Although AddWithOpts() supports enqueuing multiple items in a single call, the event handler as the caller passes only one item at a time. As a result, when the enqueue volume is high, a large number of items end up being blocked in the processorListener’s ring buffer.

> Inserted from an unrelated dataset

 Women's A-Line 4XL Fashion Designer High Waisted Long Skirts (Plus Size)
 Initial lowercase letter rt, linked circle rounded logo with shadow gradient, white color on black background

After merging #3416, the time consumption of handleReadyItems() (i.e., spin()) has been significantly reduced, but due to the still existing lock contention issue, there is still room for optimization in the time consumption of AddWithOpts().

benchmark function:

func BenchmarkAddLockContended(b *testing.B) {
	q := New[int]("")
	defer q.ShutDown()

	for i := range 1000000 {
		q.Add(i)
	}

	for range 1000 {
		go func() {
			for {
				item, _ := q.Get()
				time.Sleep(1 * time.Millisecond)
				q.Done(item)
			}
		}()
	}

	for b.Loop() {
		for i := range 1000 {
			q.Add(i)
		}
	}
}

upstream(5de4c4f) with 1,000,000 preloaded items, 1,000 workers, 1ms reconcile cost:

$ go test sigs.k8s.io/controller-runtime/pkg/controller/priorityqueue -bench=BenchmarkAddLockContended -run=^$ -v -benchtime=10s -count=10

goos: linux
goarch: amd64
pkg: sigs.k8s.io/controller-runtime/pkg/controller/priorityqueue
cpu: 12th Gen Intel(R) Core(TM) i9-12900K
BenchmarkAddLockContended
BenchmarkAddLockContended-8   	   13590	    860324 ns/op
BenchmarkAddLockContended-8   	   12276	    962917 ns/op
BenchmarkAddLockContended-8   	   13140	    884829 ns/op
BenchmarkAddLockContended-8   	   10000	   1099948 ns/op
BenchmarkAddLockContended-8   	   12951	    957041 ns/op
BenchmarkAddLockContended-8   	   10384	   1097541 ns/op
BenchmarkAddLockContended-8   	   13532	    859918 ns/op
BenchmarkAddLockContended-8   	   12502	    933303 ns/op
BenchmarkAddLockContended-8   	   13098	    893137 ns/op
BenchmarkAddLockContended-8   	   13420	    898457 ns/op
PASS
ok  	sigs.k8s.io/controller-runtime/pkg/controller/priorityqueue	119.886s

optimized:

$ go test sigs.k8s.io/controller-runtime/pkg/controller/priorityqueue -bench=BenchmarkAddLockContended -run=^$ -v -benchtime=10s -count=10

goos: linux
goarch: amd64
pkg: sigs.k8s.io/controller-runtime/pkg/controller/priorityqueue
cpu: 12th Gen Intel(R) Core(TM) i9-12900K
BenchmarkAddLockContended
BenchmarkAddLockContended-8   	  110494	     93792 ns/op
BenchmarkAddLockContended-8   	  118648	     84992 ns/op
BenchmarkAddLockContended-8   	  136893	     87722 ns/op
BenchmarkAddLockContended-8   	  139353	     92412 ns/op
BenchmarkAddLockContended-8   	  149298	     77878 ns/op
BenchmarkAddLockContended-8   	  170970	     81339 ns/op
BenchmarkAddLockContended-8   	  185634	     61435 ns/op
BenchmarkAddLockContended-8   	  163879	     80373 ns/op
BenchmarkAddLockContended-8   	  194013	     83871 ns/op
BenchmarkAddLockContended-8   	  222698	     76021 ns/op
PASS
ok  	sigs.k8s.io/controller-runtime/pkg/controller/priorityqueue	136.549s

With the same benchmark setup, the optimized version brings BenchmarkAddLockContended() down from ~1 ms/op to ~80 µs/op, showing a 10–15× improvement under high contention.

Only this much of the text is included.